The Grand Imam of Egypt’s Al-Azhar Ahmed El-Tayeb inaugurated on Tuesday the Muslim Council of Elders conference that aims to open a dialogue on the Muslim minority situation in Myanmar, a country which has been witnessing sectarian discrimination against the Rohinga minority since the early 1990s.
During the Cairo conference being held by Al-Azhar, the world’s oldest seat of Sunni Muslim learning, El-Tayeb is set to deliver a message of peace and co-existence to the country's religious populations.
Last December, Al-Tayeb urged the elimination of injustice against the Muslim minority in the Southeast Asian nation, as well as granting them their full rights as citizens.
Myanmar's government has been accused of committing mass executions and rape crimes against the Rohingya Muslim community, though it has denied the accusations.
In December, Amnesty International accused Myanmar's security forces of unlawful killings, multiple rapes and the burning down of houses and entire villages in a campaign of violence against Rohingya people that may amount to crimes against humanity.
The United Nations described the 1.3 million Rohingya Muslim population in Myanmar as the world's most persecuted minority in 2013, accusing authorities of carrying out "ethnic cleansing" of the Rohingyas.

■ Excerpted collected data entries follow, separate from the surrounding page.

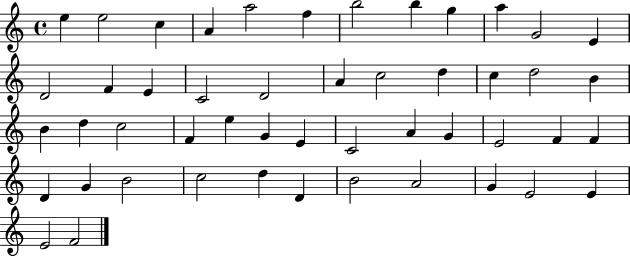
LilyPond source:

{
  \clef treble
  \time 4/4
  \defaultTimeSignature
  \key c \major
  e''4 e''2 c''4 | a'4 a''2 f''4 | b''2 b''4 g''4 | a''4 g'2 e'4 | \break d'2 f'4 e'4 | c'2 d'2 | a'4 c''2 d''4 | c''4 d''2 b'4 | \break b'4 d''4 c''2 | f'4 e''4 g'4 e'4 | c'2 a'4 g'4 | e'2 f'4 f'4 | \break d'4 g'4 b'2 | c''2 d''4 d'4 | b'2 a'2 | g'4 e'2 e'4 | \break e'2 f'2 | \bar "|."
}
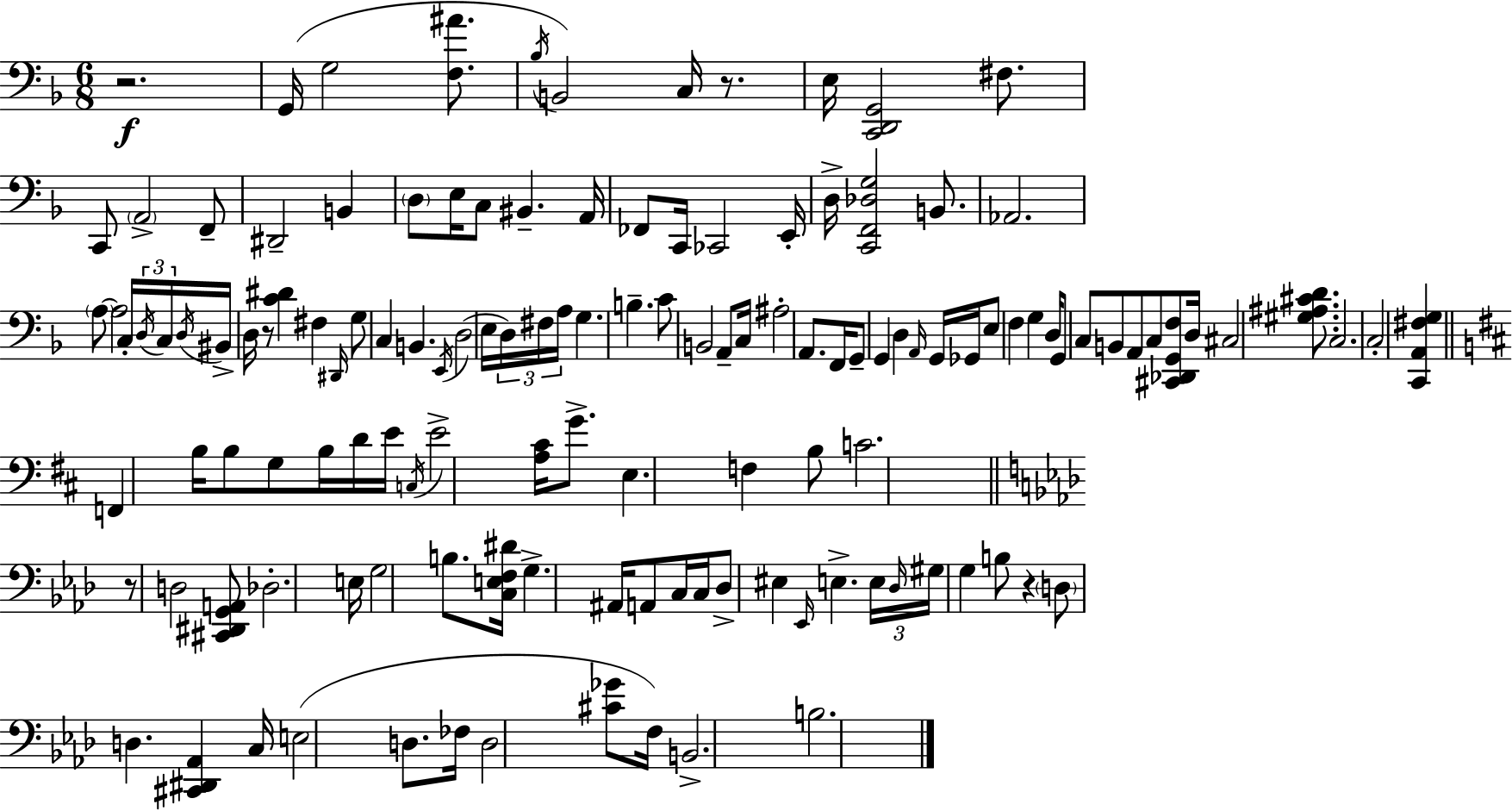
R/h. G2/s G3/h [F3,A#4]/e. Bb3/s B2/h C3/s R/e. E3/s [C2,D2,G2]/h F#3/e. C2/e A2/h F2/e D#2/h B2/q D3/e E3/s C3/e BIS2/q. A2/s FES2/e C2/s CES2/h E2/s D3/s [C2,F2,Db3,G3]/h B2/e. Ab2/h. A3/e A3/h C3/s D3/s C3/s D3/s BIS2/s D3/s R/e [C4,D#4]/q F#3/q D#2/s G3/e C3/q B2/q. E2/s D3/h E3/s D3/s F#3/s A3/s G3/q. B3/q. C4/e B2/h A2/e C3/s A#3/h A2/e. F2/s G2/e G2/q D3/q A2/s G2/s Gb2/s E3/e F3/q G3/q D3/s G2/e C3/e B2/e A2/e C3/e [C#2,Db2,G2,F3]/e D3/s C#3/h [G#3,A#3,C#4,D4]/e. C3/h. C3/h [C2,A2,F#3,G3]/q F2/q B3/s B3/e G3/e B3/s D4/s E4/s C3/s E4/h [A3,C#4]/s G4/e. E3/q. F3/q B3/e C4/h. R/e D3/h [C#2,D#2,G2,A2]/e Db3/h. E3/s G3/h B3/e. [C3,E3,F3,D#4]/s G3/q. A#2/s A2/e C3/s C3/s Db3/e EIS3/q Eb2/s E3/q. E3/s Db3/s G#3/s G3/q B3/e R/q D3/e D3/q. [C#2,D#2,Ab2]/q C3/s E3/h D3/e. FES3/s D3/h [C#4,Gb4]/e F3/s B2/h. B3/h.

More than 120,000 of the Rohingya have been trapped in squalid displacement camps since violence erupted in 2012 in Rakhine state, where they are denied citizenship, access to healthcare and education.
Myanmar, commonly known as Burma, is a multi-religious country with no official state religion, but the government shows preference to Theravada Buddhism, the majority religion in the country.